= William Larminie =

Irish poet and folklorist

William Larminie (1 August 1849 – 19 January 1900) was an Irish poet and folklorist.

He was born in Castlebar, County Mayo, of Huguenot descent and was educated at Kingstown School and Trinity College Dublin, from which he graduated in 1871 with a moderatorship in Classics. He moved to London while he was employed in the British India Office from 1873 until 1887, at which point he retired and returned to Ireland to devote himself to writing, settling in Bray, County Wicklow.

He published two volumes of poetry—Glanlua and Other Poems (1889), and Fand and Other Poems (1892)—as well as a collection of stories which he had collected from local people in County Donegal, County Mayo and County Galway: West Irish Folk-Tales and Romances (1893).

Like his contemporaries John Todhunter and W. B. Yeats, he turned to Irish mythology for inspiration. His most famous poem is The Nameless Doon, about a stone ringfort, over 4000 years old and long abandoned, in Drumboghill, County Donegal.

Who were the builders? Question not the silence

That settles on the lake for evermore,

Save when the sea-bird screams and to the islands

The echo answers from the steep-cliffed shore.

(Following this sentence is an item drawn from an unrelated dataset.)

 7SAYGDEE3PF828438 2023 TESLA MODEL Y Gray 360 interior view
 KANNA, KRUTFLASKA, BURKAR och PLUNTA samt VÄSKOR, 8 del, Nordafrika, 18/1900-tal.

- from The Nameless Doon, Fand and Other Poems

He attempted in his poetry to adopt some of the traditional Irish verse forms such as the use of assonance.

In his later years, he devoted himself to a translation into English of the Irish philosopher John Scotus Eriugena's De divisione naturae. His translation, which was never published, was deposited in the National Library of Ireland.

He died at his home in Bray and is buried in Enniskerry.